Joe Budden Vs Eminem
Unlike active rappers, the beauty of Joe Budden’s podcast is that fans know to expect dispatches from him at least twice a week and can rest assured that all relevant stories will be attended to. In fact, sometimes new developments can arise during the recording process and grant us unprecedented access to his genuine gut reactions. Much like a soap-opera or episodic TV show, it allows fans to chart a storyline’s progression from week to week as things gradually begin to pick up steam. As a former Shady Records employee, it was his tendency to lose his composure on-air that opened the floodgates for the beef between Budden and Eminem. During "Episode 140: On A Different Time," Budden’s co-hosts pressed him on why he’d come down on other artists- in this case Big Sean & Metro Boomin- but tip-toe around Em’s material. Right on cue, Joe exploded and labeled his 2017 single “Untouchable” as “some of the worst music I’ve ever heard”:
“I don't care if there's good rapping on there...When that album comes out, if it's fuckin' trash, I'ma be the first n***a to call it trash...That shit he doin' is trash.”

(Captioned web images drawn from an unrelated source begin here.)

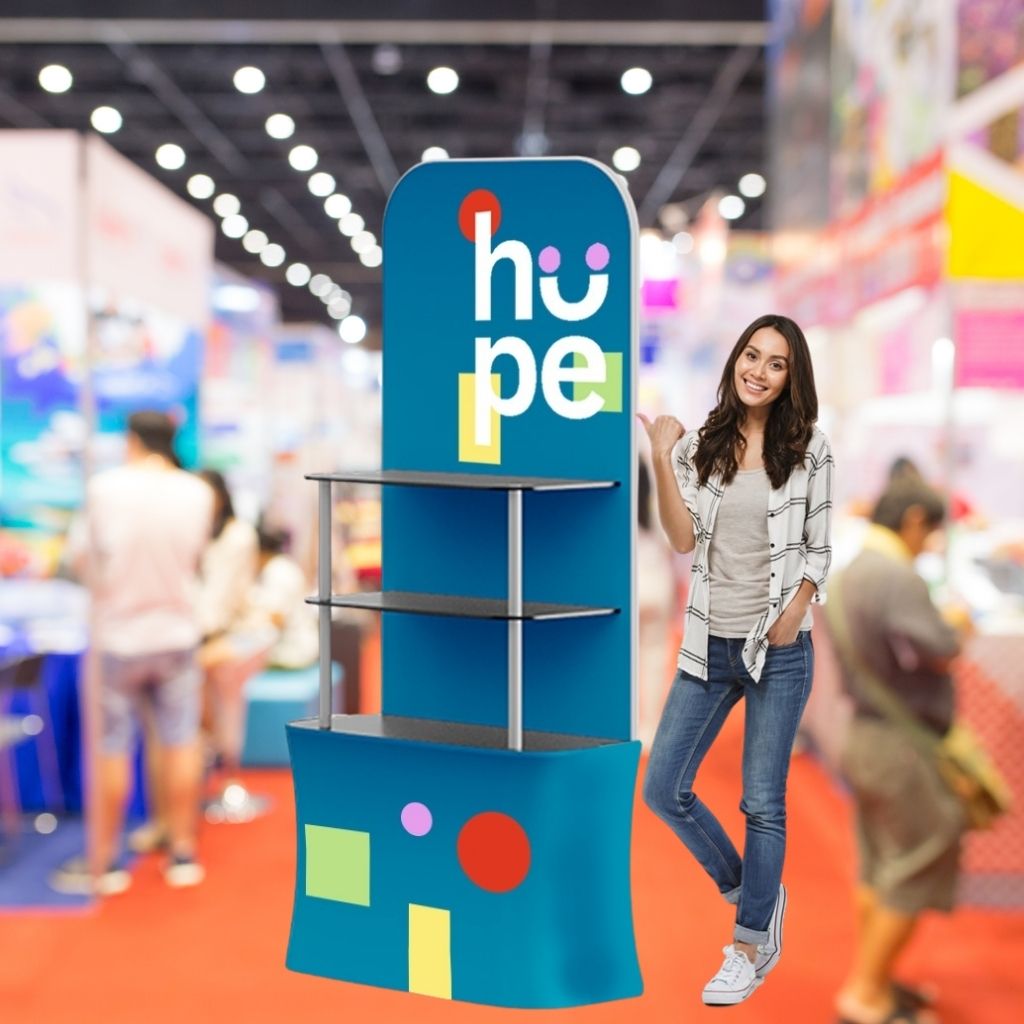 Tabletop tower display with shelves holding product samples at an exhibition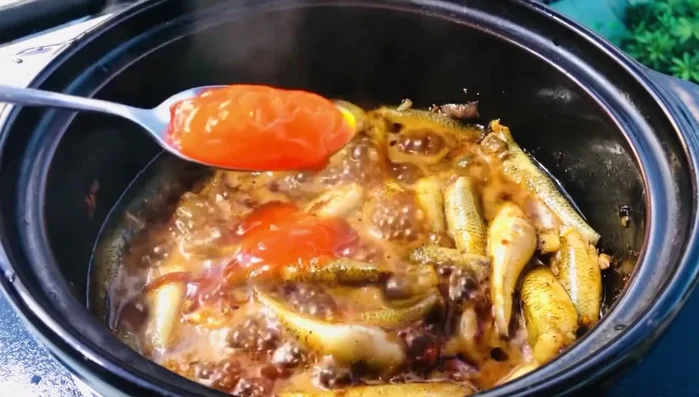 Thêm tương ớt vào, đảo đều. Kiểm tra cá, lật mặt để gia vị thấm đều.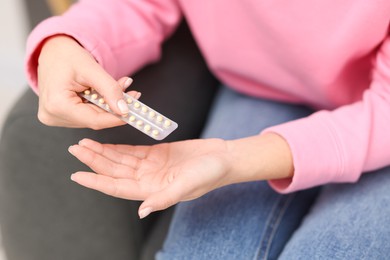 Photo of Woman taking contraceptive pill out from blister indoors, closeup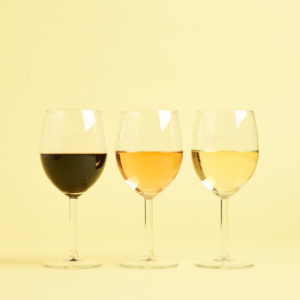 three glasses of wine showing red, rosé, and white wine received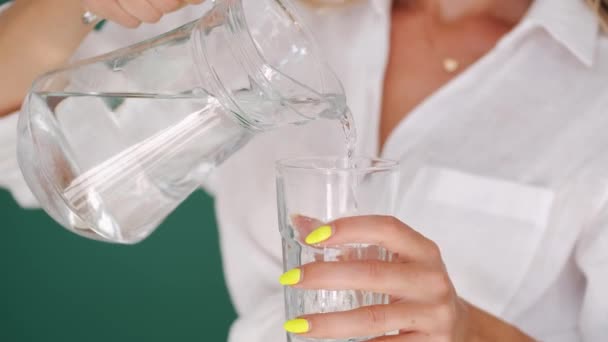 Womans hand pouring fresh pure water from bottle into a glass — Stock Video
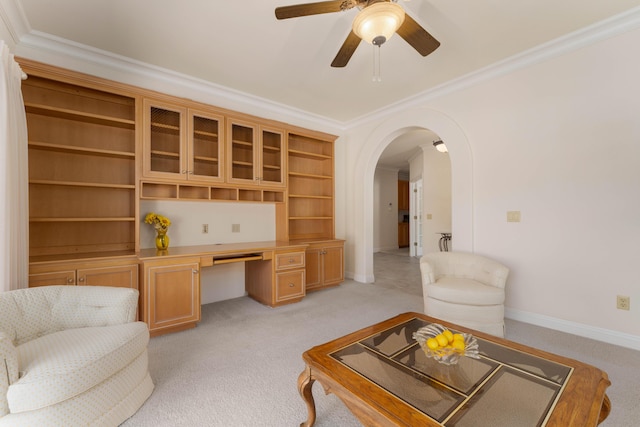 unfurnished living room with crown molding, built in desk, ceiling fan, and light colored carpet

As innocuous as this may have seemed, taking it out of the vacuum of the podcast world and into the industry at large ensured that this slight wouldn’t go unnoticed by Em. When Shady’s surprise record Kamikaze arrived, he left no stone turned unturned when it came to responding to his detractors and his former signee wasn’t spared from the lyrical onslaught. Following some barbed words on “Fall” that alluded to Budden’s domestic violence case, all pleasantries were officially left at the door. On "Episode 177: TV & Mayonnaise," the former Slaughterhouse member charted their entire history from the earliest dealings right up to the present day. Never one to back away from an inflammatory remark, Budden doubled down and claimed that “I been better than you this entire f****g decade.” Whether or not you agree with his stance, this diatribe made for incredible listening and gave context for their feud that we’d otherwise never have received.
Leaving Everyday Struggle
During his spell with Complex, there was a lingering feeling that Joe’s time at the company was a shoddily-constructed timebomb that just needed a spark. Ironically, post-departure, Joe Budden spent the first section of his first podcast with a rant about their unwillingness to let him light up and smoke in the bathroom. Uploaded just one day after Complex announced the split, "Episode 141: Everyday Struggle" addressed all of the factors that prompted him to leave behind co-stars DJ Akademiks and Nadeska Alexis in favor of independence. Fueled by corporate influence, Joe lifted the lid on how they’d tried to make him wear Nike clothing and discuss tracks on Spotify’s Rap Caviar playlist without transparently explaining why they were doing so. A riveting listen that displayed his deep-seated responsibility towards honesty and realness, he recently took umbrage with Nadeska and co.’s dismissive handling of Soulja Boy, and claimed that “(Complex Founder) Rich Antoniello told me his f***ing self that he has trouble selling ads to a show with Black people.”
Joe vs Offset
While serving as co-host of Everyday Struggle, a heated exchange with Lil Yachty led to the whole Quality Control team inheriting the beef. As a result, tensions between “Joey Jumpoff” and QC all came to a head at The 2017 BET Awards when he stormed out mid-interview and was hastily pursued by Migos and their crew. In the aftermath, Budden took it to "Episode 118" to provide the background for the incident before claiming he could take “2 ½ Migos by myself.” In another case of a narrative bleeding into numerous episodes, this story would take a turn for the farcical in October 2017 when Budden detailed his latest run-in with Offset. Along with reiterating his love for Cardi B after some comments on his Revolt TV project The State Of The Culture, Budden claimed that a supposed encounter with Offset in a store didn’t happen due to his need to urinate:
“I don't know why I still think I'm the guy that can hold a piss. Just my luck that Offset would be blouse shopping on the side, looking at me running around. He saw me, I didn’t see him.”
Pusha T Vs Drake
When the Pusha T Vs Drake beef resurfaced this summer, Budden and his co-hosts were just as enthralled as the rest of us. On "Episode 164: Outstanding," the hardnosed vet spent the vast majority of the edition decrypting “Duppy Freestyle” and “The Story Of Adidon,” providing listeners with a unique insight as to whom the battle-ready MC thought had the upper hand and how much disrespect is too much.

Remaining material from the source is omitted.